Given a string s and a dictionary of words dict, determine if s can be segmented into a space-separated sequence of one or more dictionary words.
For example, given
s = "leetcode",
dict = ["leet", "code"].
Return true because "leetcode" can be segmented as "leet code".
题解:动态规划
设置数组dp,dp[i,j]表示从s的第i个字母(i=0~s.length-1)开始,长度为j的子字符串是否在字典dict中。

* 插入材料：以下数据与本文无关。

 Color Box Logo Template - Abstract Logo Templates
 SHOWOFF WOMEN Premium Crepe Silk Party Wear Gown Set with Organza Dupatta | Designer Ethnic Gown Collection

则,有以下递推式:
- 如果字典包含子字符串s[i,i+j-1],则 dp[i,j] = true;
- 如果字典包含子字符串s[i,i+k-1]和字符串s[i+k,i+j],则dp[i,j] = true;
- 否则,dp[i,j] = false;
代码如下:
public class Solution {
public boolean wordBreak(String s, Set<String> dict) {
if(s == null || dict.size() == 0)
return false;
int length = s.length();
boolean[][] dp = new boolean[length][length+1];
for(int len = 1;len <= length;len++){
for(int i = 0;i+len <= length;i++){
String sub = s.substring(i,i+len);
if(dict.contains(sub)){
dp[i][len] = true;
continue;
}
for(int k = 1;k < len;k++){
if(dp[i][k] && dp[i+k][len-k] )
{
dp[i][len] = true;
break;
}
}
}
}
return dp[0][length];
}
}
对于字符串,substring这个函数返回的是beginIndex和endIndex-1之间的子字符串!